Evaluation of surface activity of hot-dip galvanized steel after alkaline cleaning

Abstract

The surface activity of hot-dip galvanized steel was evaluated after alkaline cleaning by exposing the cleaned specimens in humid supercritical carbon dioxide, followed by extraction and quantification of the formed corrosion products. Different free alkalinities of the cleaning bath were studied to obtain information on the evolution of zinc surface activity at different levels of surface etching. Surface reactivity of uncleaned galvanized steel is restricted and local, with major contributions from grain boundaries and intermetallic particles. Formation of zinc corrosion products took place in uncleaned samples exclusively on and around these sites.

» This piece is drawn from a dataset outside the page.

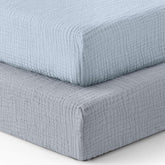 Blissful Diary muslin crib sheets in light blue pattern offering breathable baby comfort.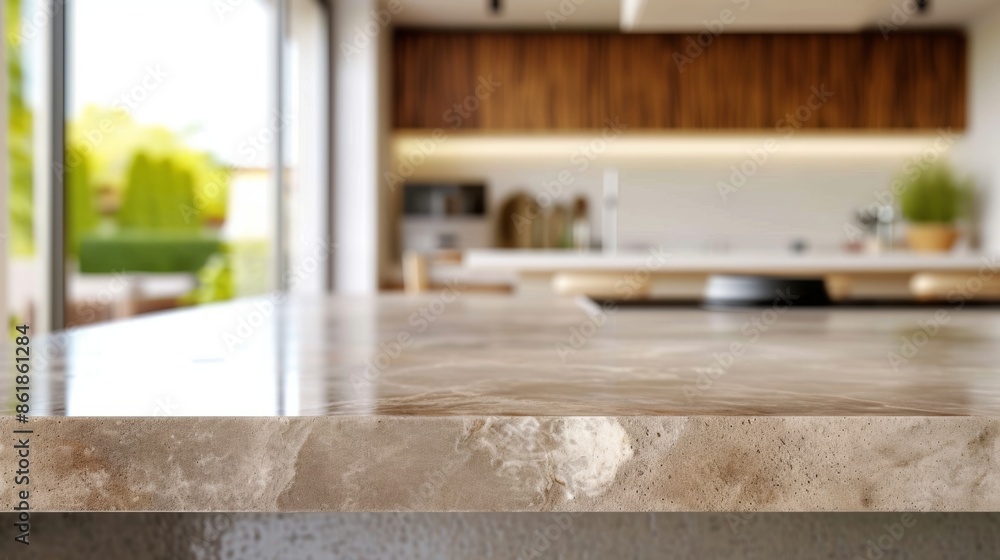 Close-up of a polished stone kitchen countertop in a modern home with a blurred background featuring wooden cabinets, large windows, and a view of greenery Close-up of a polished stone kitchen countertop in a modern home with a blurred background featuring wooden cabinets, large windows, and a view of greenery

Al2O3 removal by alkaline cleaning gradually increased the surface activity. The major increase in surface activity was achieved when increasing the free alkalinity from 0.5 to 4.0 mEq/L, which was shown by formation of zinc corrosion products within zinc grains. The surface activity was confirmed by applying a titanium hexafluoride pretreatment on the cleaned panels and measuring the lateral microscale uniformity of the formed layer. The uniformity increased when larger areas of galvanized steel became activated by alkaline cleaning. Reactivity of zinc is rather difficult to quantify when setting up an industrial cleaning sequence for galvanized steel. Controlled exposure of cleaned samples in humid supercritical carbon dioxide, followed by quantification of oxidized zinc, provides a straightforward method to evaluate zinc reactivity.